Operator learning regularization for macroscopic permeability prediction in dual-scale flow problem
Christina Runkel, Sinan Xiao, Nicolas Boullé, Yang Chen
TL;DR
This paper tackles predicting macroscopic permeability in dual-scale Stokes-Brinkman flow by learning the forward map from heterogeneous β to velocity u using Fourier Neural Operators (FNO/TFNO) and then deriving the permeability tensor K. Key contributions include a robust data-generation pipeline for β–u pairs, exploration of multiple regularized loss functions (notably H^1 and H^2 derivatives with βu terms), and demonstration that TFNO with an H^2-based loss yields the most accurate K, including successful zero-shot super-resolution from 64×64 to 128×128 grids. The findings show that second-derivative regularization is crucial for accurate K due to the Laplacian operation in the velocity field, enabling high-fidelity, computationally efficient surrogates for dual-scale textile flows. This method reduces reliance on resource-intensive FFT solvers and holds promise for 3D extensions with realistic microstructures.
Abstract
Liquid composites moulding is an important manufacturing technology for fibre reinforced composites, due to its cost-effectiveness.
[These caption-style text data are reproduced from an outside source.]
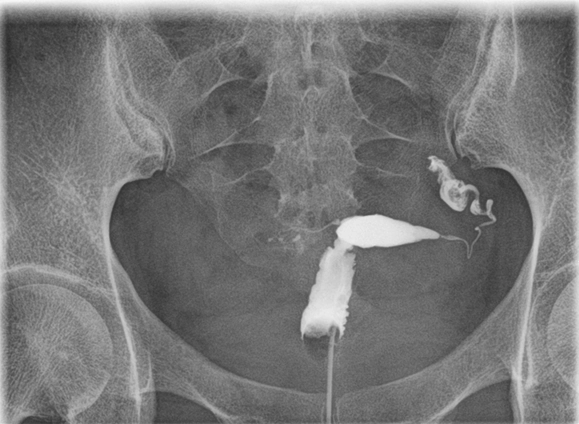 Viêm dạng nốt đoạn eo vòi trứng (Salpingitis isthmica nodosa)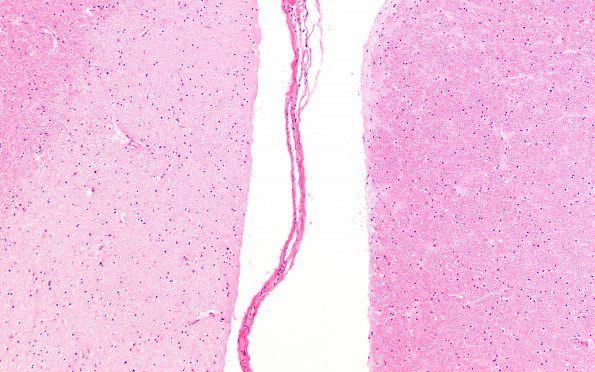 2E3 Adrenoleukodystrophy (Case 2) N10 H&E 1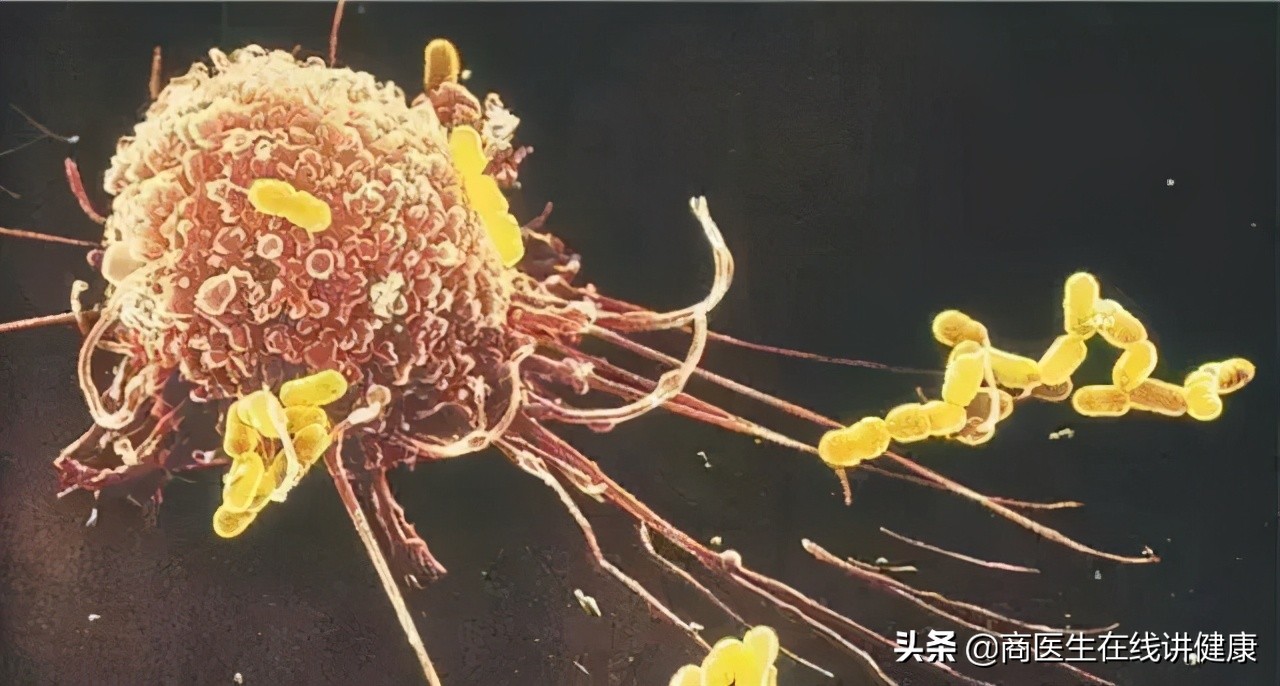 浸润癌是最严重的癌吗,浸润癌恶性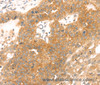 Immunohistochemistry of paraffin-embedded Human breast cancer tissue using TMEFF2 Polyclonal Antibody at dilution 1:35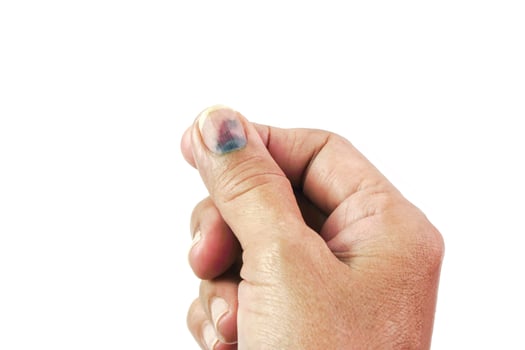 Thumb Finger with Bruised Nail, Subungual Hematoma, on White Background. Painful bruises, accident, injured fingers and medical concept. photo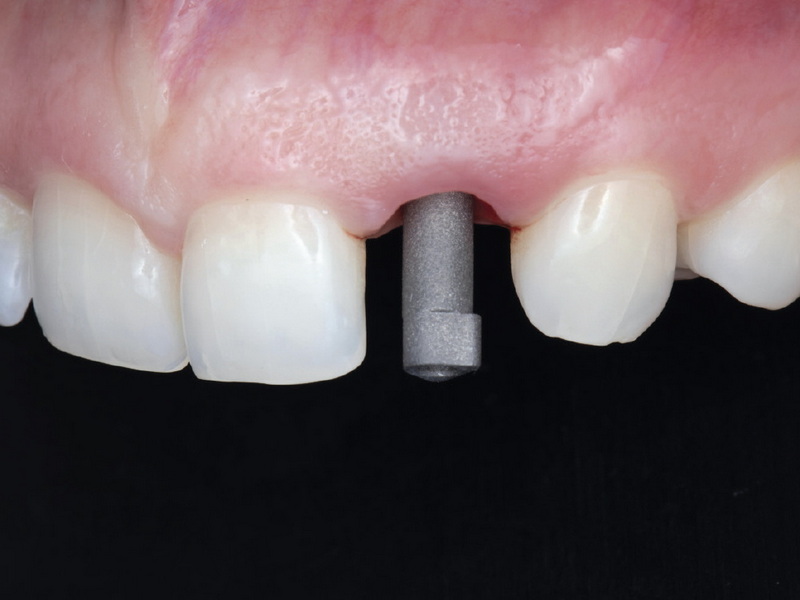 how long to have a healing abutment_2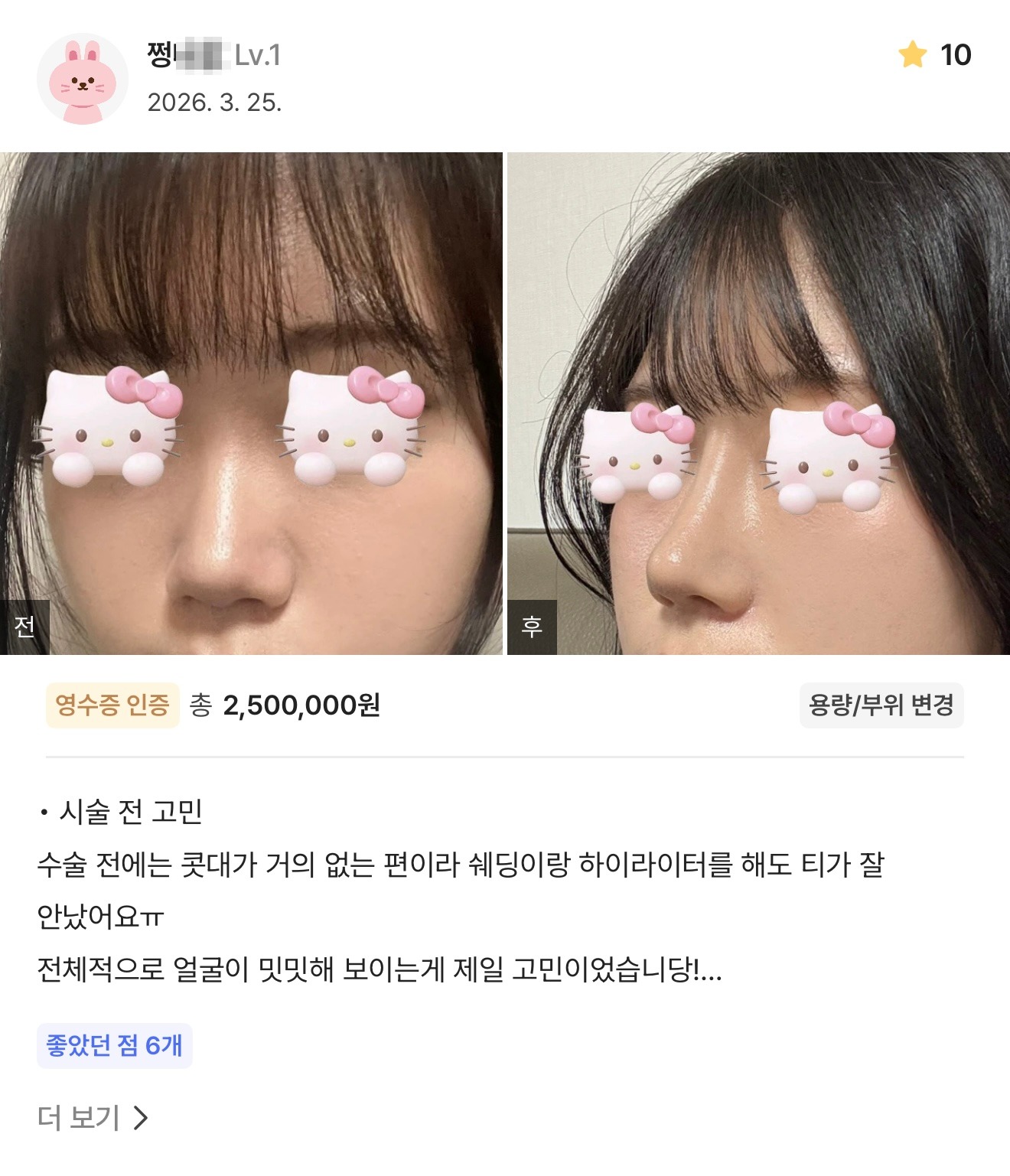 강남언니 게재 환자 후기 5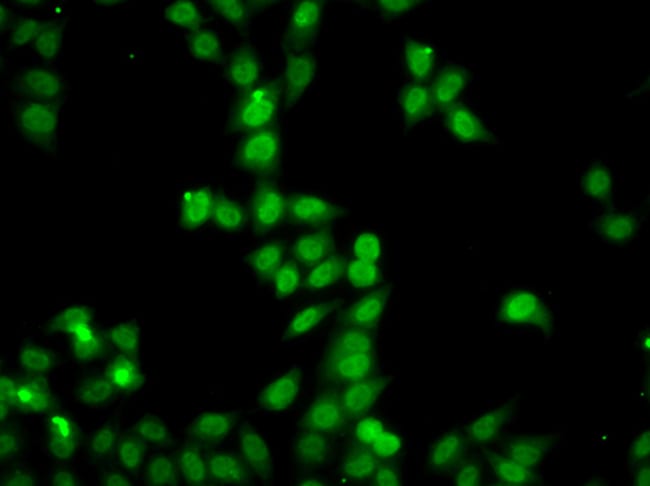 100UL HDGFRP2 ANTIBODY 100 ul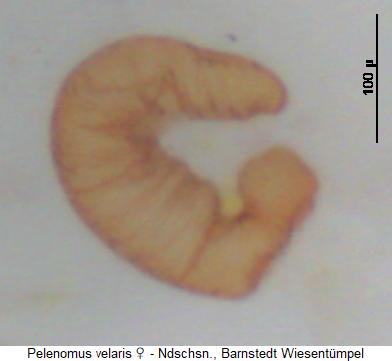 pelenomus_velaris_sperm.jpg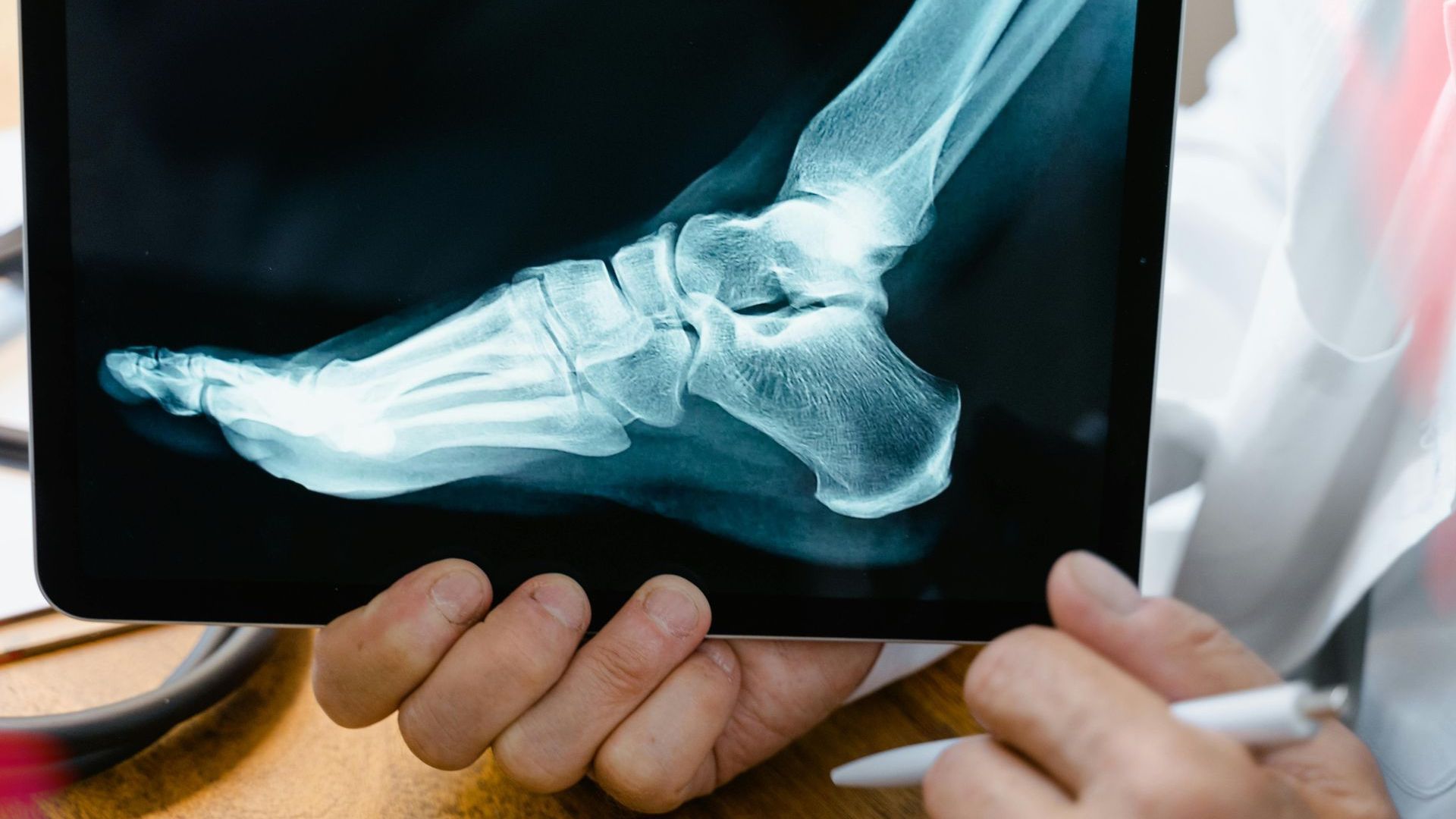 A doctor is holding a tablet with an x-ray of a foot.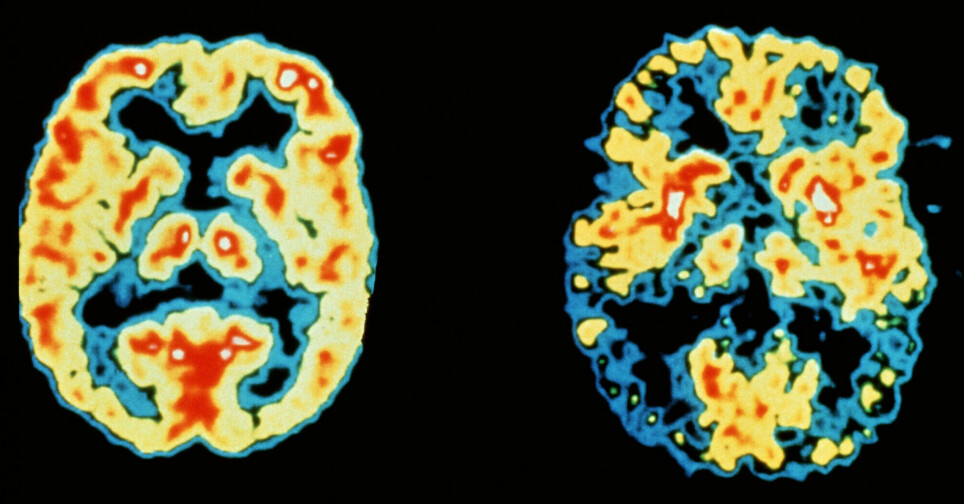 Bilder tatt med PET-skanner gjør det nå mulig å se forskjellen på hjernen til en normal person (venstre) og en Alzheimer-pasient.
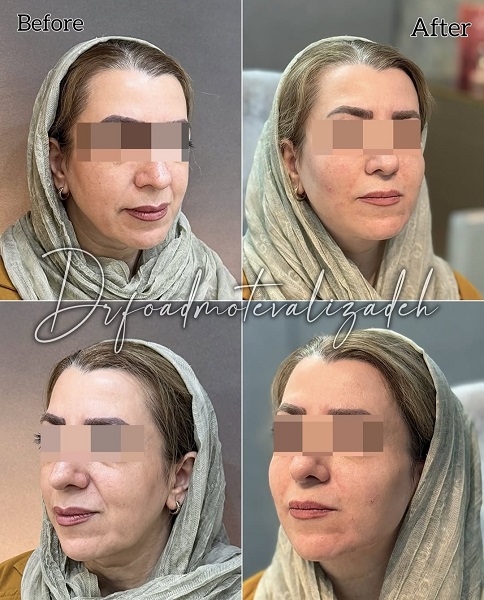 نمونه جوانساز نسل 4 دکتر فواد متولی زاده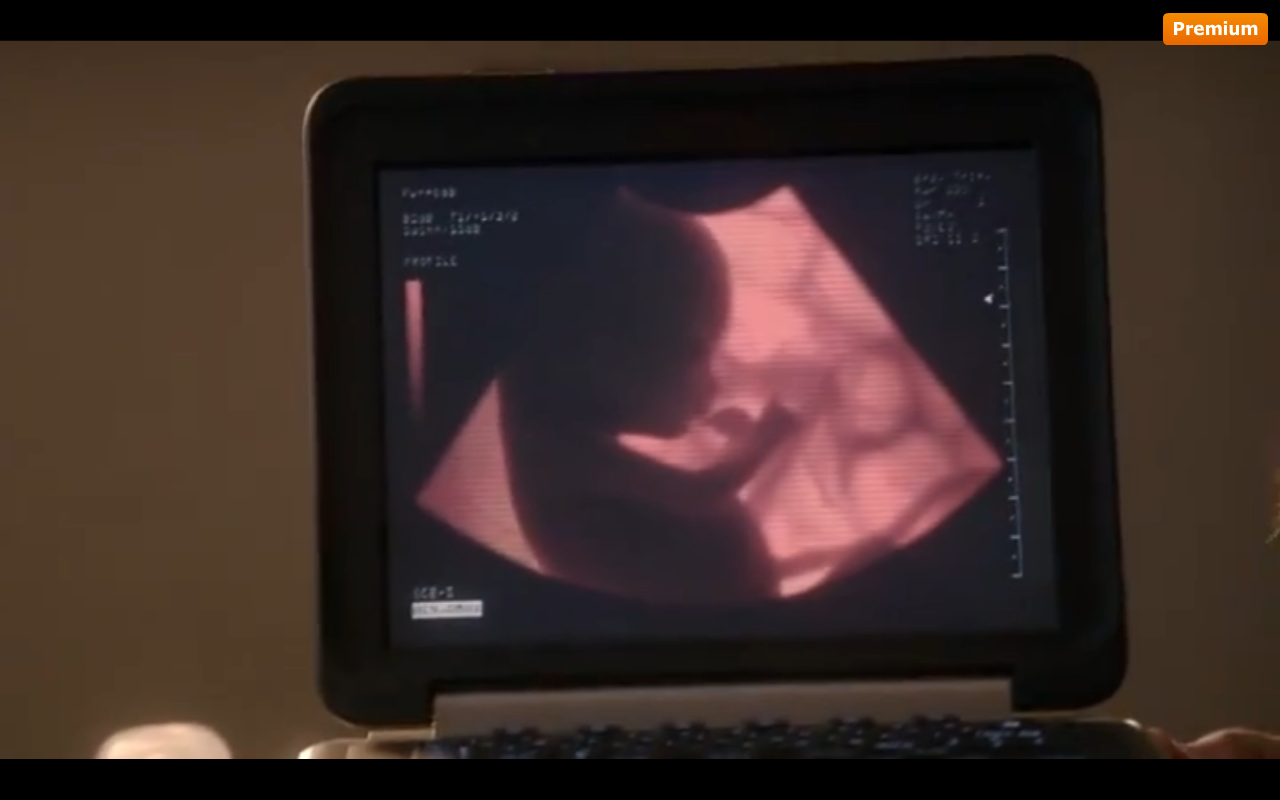 Extant Episodes 7 Thru 8 Recaps: Be On The Lookout For An Escaped Alien ...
Challenges lie in the optimisation of the process due to the lack of understanding of key characteristic of textile fabrics - permeability. The problem of computing the permeability coefficient can be modelled as the well-known Stokes-Brinkman equation, which introduces a heterogeneous parameter $β$ distinguishing macropore regions and fibre-bundle regions. In the present work, we train a Fourier neural operator to learn the nonlinear map from the heterogeneous coefficient $β$ to the velocity field $u$, and recover the corresponding macroscopic permeability $K$. This is a challenging inverse problem since both the input and output fields span several order of magnitudes, we introduce different regularization techniques for the loss function and perform a quantitative comparison between them.